Ota, K.; Wu, Q.; Mamassian, P.; Maloney, L.

2025-07-16 neuroscience
10.1101/2025.07.10.664170 bioRxiv
Show abstract

A key step in perceptual organization is segmentation of a scene into wholes made of parts: birds form flocks, pedestrians form crowds. The parts have spatial locations as does the whole and we can ask, how do the locations of the parts influence the perceived location of the whole? The answer may depend on the nature of the parts, the processes that generate them: the influence of single birds on the location of a flock may be different from that of single pedestrians on the location of a crowd. We treated the parts as samples from a probability density function (PDF) and asked participants to estimate the location of the generating PDF given a sample.

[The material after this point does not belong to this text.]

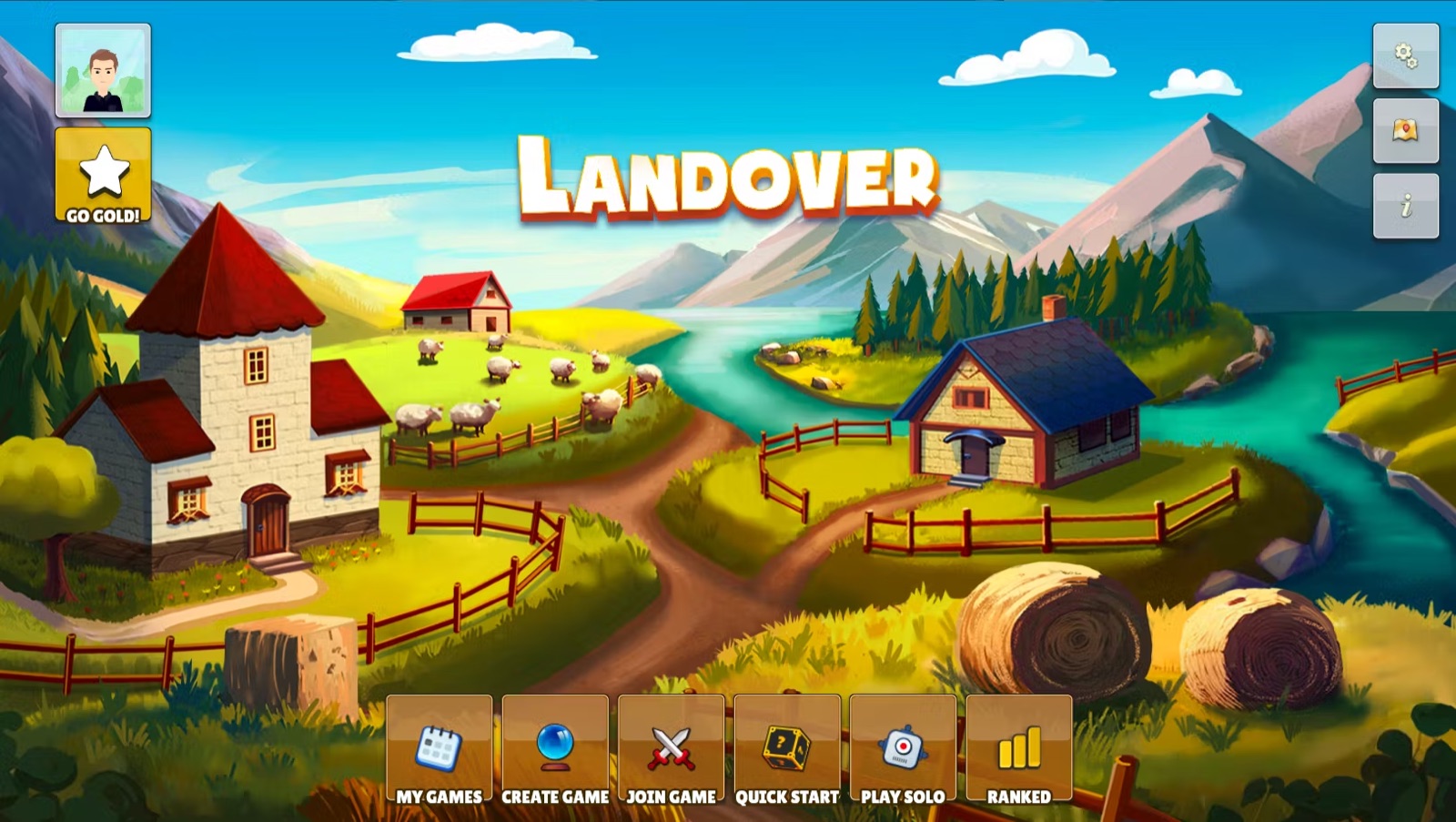 Landover strategy board game interface with island map, resources, and multiplayer gameplay on mobile and web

The generating PDFs belonged to one of three location families - Gaussian, Laplacian or Uniform. Observers received training with each family and knew which family the generating PDF came from on each trial. We compared human performance to that of the Uniform Minimum Variance Unbiased Estimator (UMVUE) for each location family. We based our analyses on the measured influence of each sample point, a measure of how the observer made use of each sample point in estimating the center. Observers used different estimators for different families and the estimator chosen for samples from each family were close to the UMVUE for that family. How does the observer calculate approximate UMVUEs for the three location families considered? We propose that a critical step is to estimate the locations of visual clusters in the sample. The Visual Cluster Model accurately captured human performance across all three distributions. Our findings suggest that the observers estimate of the location of the whole is based not directly on the locations of the parts but rather on the clusters they form.